Vladimir Aleksandrovich Shatalov (; December 8, 1927 – June 15, 2021) was a Soviet and Russian cosmonaut who flew three space missions of the Soyuz programme: Soyuz 4, Soyuz 8, and Soyuz 10. From 1987 to 1991, he headed the Yuri Gagarin Cosmonaut Training Center.

Early life
Vladimir Shatalov was born on December 8, 1927, in Petropavlovsk, , Kazak ASSR, Russian Soviet Federative Socialist Republic, Union of Soviet Socialist Republics (now Petropavl, North Kazakhstan Region, Kazakhstan). His father, Aleksandr Borisovich Shatalov (1890–1970), was a railway engineer and an early recipient of the Hero of Socialist Labour. His mother, Zoya Vladimirovna Shatalova (née Nikolskaya; 1900–1980), was a housewife. 

In 1941, Shatalov graduated from the 6th Grade Secondary School No.4 in Leningrad. During his school years, Shatalov was engaged in aircraft modeling in the Pioneers Palace. In 1941, he took part in the Defense of Leningrad for a month and a half, along with his father at the "Svyazrem-1" repair and restoration train. He helped to build the "Road of Life" across the frozen Lake Ladoga. This was the only route into the city during the bitter winters. Shatalov went back to Petropavlovsk, where his family left for evacuation.
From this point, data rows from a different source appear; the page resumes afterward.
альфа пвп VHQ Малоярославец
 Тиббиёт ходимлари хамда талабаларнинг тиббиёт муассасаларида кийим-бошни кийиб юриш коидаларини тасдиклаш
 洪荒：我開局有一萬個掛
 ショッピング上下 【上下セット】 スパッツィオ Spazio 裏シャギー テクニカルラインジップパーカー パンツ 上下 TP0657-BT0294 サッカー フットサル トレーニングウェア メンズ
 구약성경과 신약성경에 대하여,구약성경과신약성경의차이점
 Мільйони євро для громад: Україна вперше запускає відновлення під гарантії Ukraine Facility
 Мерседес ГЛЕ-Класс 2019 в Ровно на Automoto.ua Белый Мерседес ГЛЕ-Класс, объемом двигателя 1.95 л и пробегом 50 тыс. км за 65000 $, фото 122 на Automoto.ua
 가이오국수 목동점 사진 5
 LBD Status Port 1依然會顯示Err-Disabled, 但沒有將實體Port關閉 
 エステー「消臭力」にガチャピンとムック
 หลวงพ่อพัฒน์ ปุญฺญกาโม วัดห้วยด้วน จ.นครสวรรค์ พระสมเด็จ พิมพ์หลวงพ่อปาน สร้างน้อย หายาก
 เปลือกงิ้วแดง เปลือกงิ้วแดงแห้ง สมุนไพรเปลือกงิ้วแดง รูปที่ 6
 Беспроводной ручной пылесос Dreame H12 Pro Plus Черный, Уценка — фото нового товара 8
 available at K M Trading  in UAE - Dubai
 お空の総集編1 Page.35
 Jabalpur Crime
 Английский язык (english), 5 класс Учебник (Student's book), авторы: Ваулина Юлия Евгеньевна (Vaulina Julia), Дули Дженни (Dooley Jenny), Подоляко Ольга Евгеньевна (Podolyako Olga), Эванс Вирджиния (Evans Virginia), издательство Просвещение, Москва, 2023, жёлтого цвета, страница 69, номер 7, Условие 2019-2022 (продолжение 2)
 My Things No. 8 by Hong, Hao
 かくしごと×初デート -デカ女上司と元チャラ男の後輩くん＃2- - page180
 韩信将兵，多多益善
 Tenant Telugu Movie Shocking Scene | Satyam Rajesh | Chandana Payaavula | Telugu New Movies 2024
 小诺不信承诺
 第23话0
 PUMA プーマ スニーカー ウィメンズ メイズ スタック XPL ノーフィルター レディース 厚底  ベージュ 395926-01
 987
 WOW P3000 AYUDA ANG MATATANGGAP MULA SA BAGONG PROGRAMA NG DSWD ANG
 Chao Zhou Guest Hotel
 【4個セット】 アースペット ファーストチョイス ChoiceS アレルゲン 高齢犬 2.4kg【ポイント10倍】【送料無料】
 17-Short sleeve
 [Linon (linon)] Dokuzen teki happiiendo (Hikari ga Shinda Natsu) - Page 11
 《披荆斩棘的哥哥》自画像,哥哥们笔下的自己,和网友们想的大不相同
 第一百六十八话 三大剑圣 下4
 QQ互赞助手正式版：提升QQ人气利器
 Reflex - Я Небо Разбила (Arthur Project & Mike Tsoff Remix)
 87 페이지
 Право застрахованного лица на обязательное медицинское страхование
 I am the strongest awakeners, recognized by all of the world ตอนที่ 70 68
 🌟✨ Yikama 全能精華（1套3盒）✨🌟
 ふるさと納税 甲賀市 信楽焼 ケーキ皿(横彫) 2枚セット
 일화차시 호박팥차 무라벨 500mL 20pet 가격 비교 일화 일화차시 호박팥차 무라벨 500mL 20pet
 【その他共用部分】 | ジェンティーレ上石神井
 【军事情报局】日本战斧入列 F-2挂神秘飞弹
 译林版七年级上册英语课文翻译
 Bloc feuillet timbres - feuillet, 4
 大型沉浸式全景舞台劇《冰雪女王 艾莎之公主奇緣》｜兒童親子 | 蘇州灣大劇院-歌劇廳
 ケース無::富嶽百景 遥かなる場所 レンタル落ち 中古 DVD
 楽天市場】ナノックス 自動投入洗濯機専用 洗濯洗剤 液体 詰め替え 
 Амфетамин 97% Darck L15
In 1943, Shatalov graduated from the seven-year school in Petropavlovsk.

Early career 
In early 1945, Shatalov graduated from the 6th Voronezh Air Force Special School, which he was evacuated to Karaganda, followed by Lipetsk. In July 1945, Shatalov entered the 8th Military Aviation School for initial training of pilots. However, in August 1945, the school had closed. Shatalov continued his studies at the Kachinsk Military Aviation School, which was situated in Michurinsk, Tambov Oblast at the time. In 1949, Shatalov graduated from college with first category and became a pilot. From September 7, 1949, Shatalov served as an  instructor pilot, and from June 14, 1951, served as an instructor pilot in piloting techniques of the 706th Training Aviation Regiment of the Kachinsk MAS. From December 12, 1951, Shatalov served as an instructor pilot for the combat use of the 706th TAR.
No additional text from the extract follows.